▶ _Assignment_
Pictures aside, every line of the listing should be given again exactly.

▶ _Provided material_
= Beginning of Section =

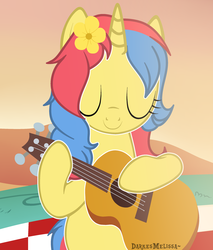 Size: 2313x2713 | Tagged: artist needed, safe, artist:darkesmelissa, oc, oc only, oc:stormfall drizzle, pony, unicorn, cute, flower, flower in hair, guitar, high res, solo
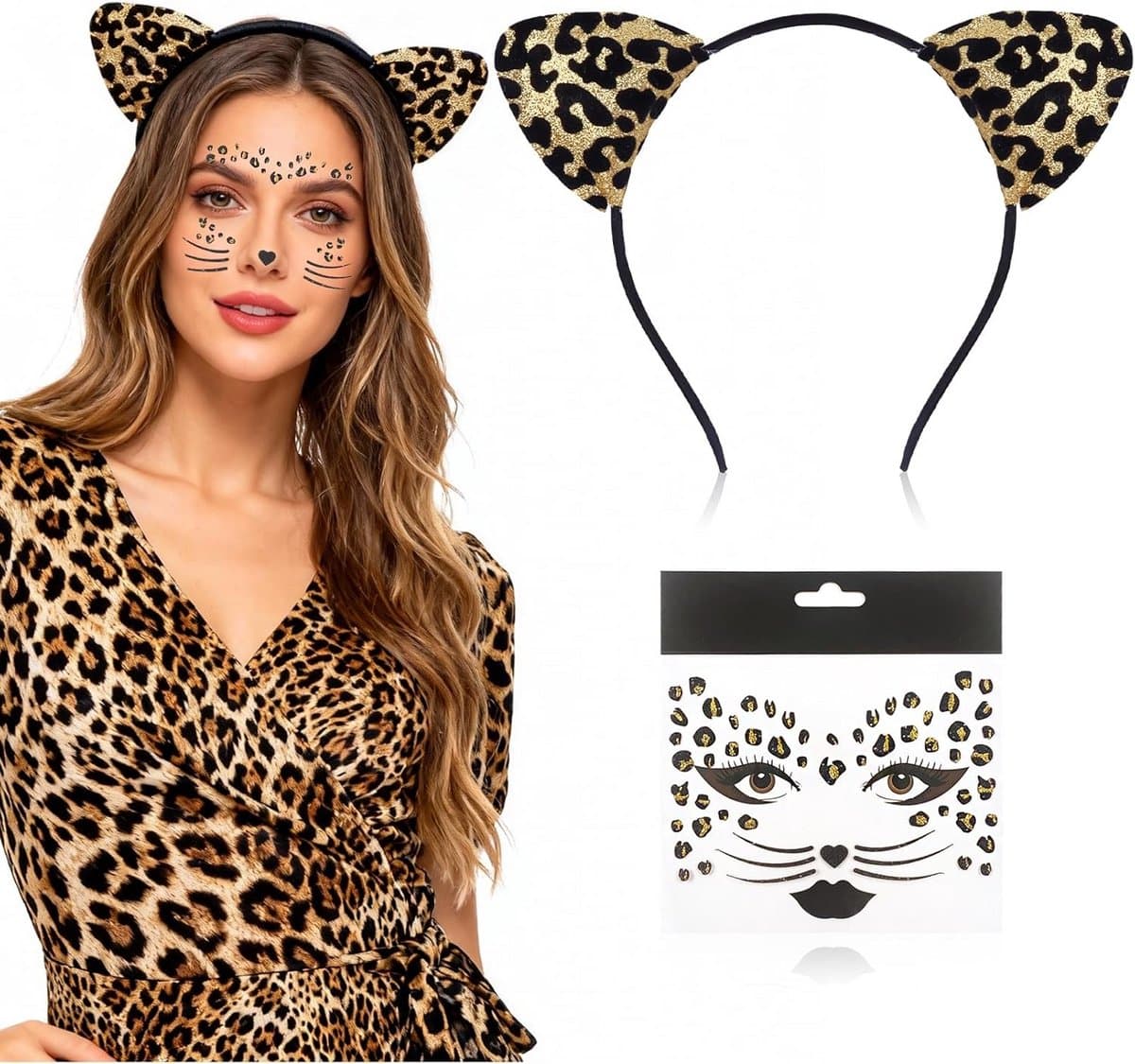 Luipaard kostuum dames, gezichtstattoo luipaard haarband luipaard tattoo gezicht carnaval kunst face sticker carnaval kat tijger carnaval kostuum set katten kostuums voor volwassenen cosplay — afbeelding 1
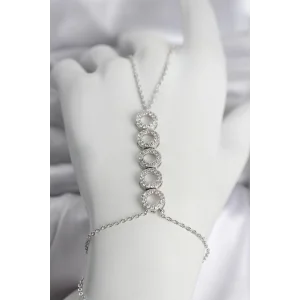 Pirinç Gümüş Renk Zirkon Taşlı Sıralı Halka Model Kadın Şahmeran - TJ-SN762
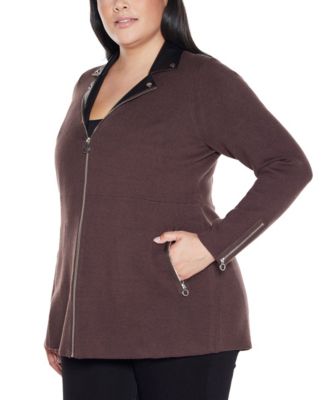 Plus Size Black Label Collared Sweater Jacket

= End of Section =

▶ _Task solution_
 Size: 2313x2713 | Tagged: artist needed, safe, artist:darkesmelissa, oc, oc only, oc:stormfall drizzle, pony, unicorn, cute, flower, flower in hair, guitar, high res, solo
 Luipaard kostuum dames, gezichtstattoo luipaard haarband luipaard tattoo gezicht carnaval kunst face sticker carnaval kat tijger carnaval kostuum set katten kostuums voor volwassenen cosplay — afbeelding 1
 Pirinç Gümüş Renk Zirkon Taşlı Sıralı Halka Model Kadın Şahmeran - TJ-SN762
 Plus Size Black Label Collared Sweater Jacket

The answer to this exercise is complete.